Google Plans To Be Completely Powered By Renewable Energy Starting Next Year

“Our founders are convinced climate change is a real, immediate threat, so we have to do our part.”
The Google logo is spelled out in heliostats (mirrors that track the sun and reflect the sunlight onto a central receiving po
The Google logo is spelled out in heliostats (mirrors that track the sun and reflect the sunlight onto a central receiving point) at the Ivanpah Solar Electric Generating System in the Mojave Desert near the California-Nevada border.

Maybe it’s time to add a little more green to the Google logo.

Google is a year ahead of schedule in its plan to switch to renewable energy, the company announced Tuesday.
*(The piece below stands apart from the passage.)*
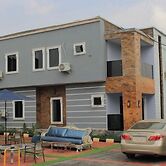 De-Lexis Hotel & Suites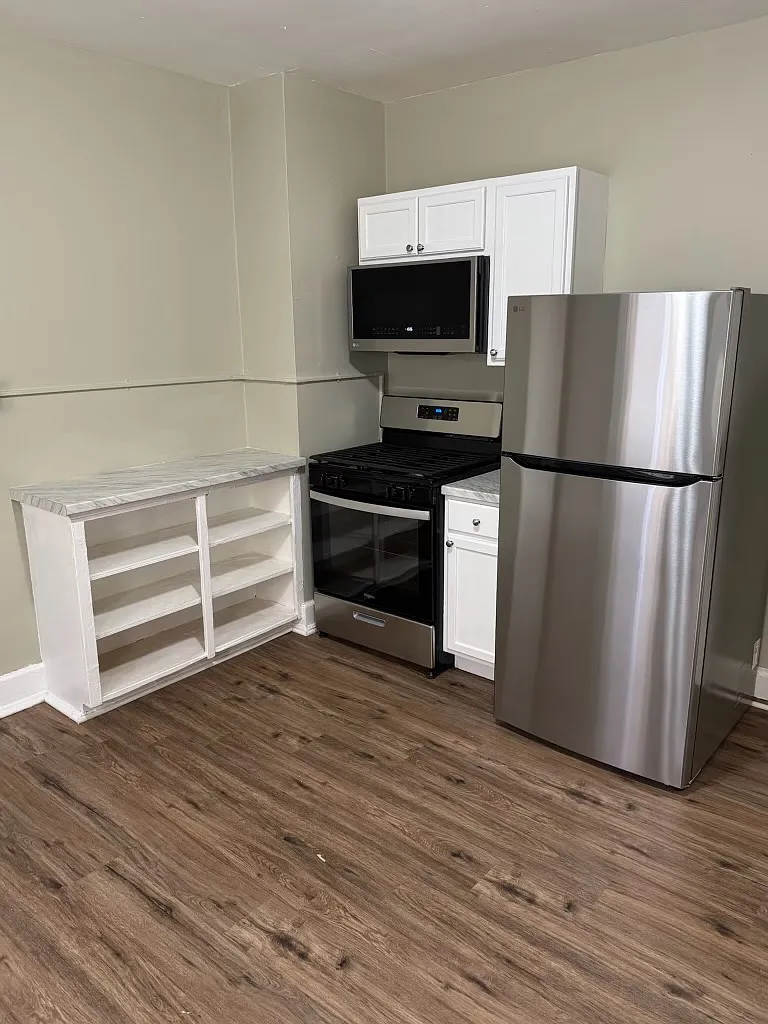 Buffum 4 unit — Photo 2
It should be 100 percent powered by green resources in 2017. 

The company’s 13 data centers and numerous offices around the world require 5.7 terawatt hours of electricity each year, The Associated Press reports. That’s about how much energy all of San Francisco consumes. 

We are convinced this is good for business, this is not about greenwashing. This is about locking in prices for us in the long-term,” Marc Oman, Google’s energy lead in the European Union, told The Guardian. “Increasingly, renewable energy is the lowest-cost option. Our founders are convinced climate change is a real, immediate threat, so we have to do our part.”

Google currently relies primarily on wind and solar for clean energy. Steep drops in the cost of each technology ― 60 percent and 80 percent, respectively, in the last six years ― has made renewables a cost-effective option, the company said.  

Given its huge need and deep pockets, the company negotiates renewable energy purchases with suppliers directly. It signed its first clean-energy contract in 2010, with an Iowa wind farm, and now funds 20 renewable energy projects around the world.

Google’s ambitions spread beyond its own energy needs.

Climate change is real,” the company states on a page explaining its responsibility to environmental stewardship. “Every company makes choices — about products, about planning, about purpose, about people. You approach these decisions differently if you’re focused not on your next earnings release, but on future generations that will have to live with the consequences of the choices you make today.”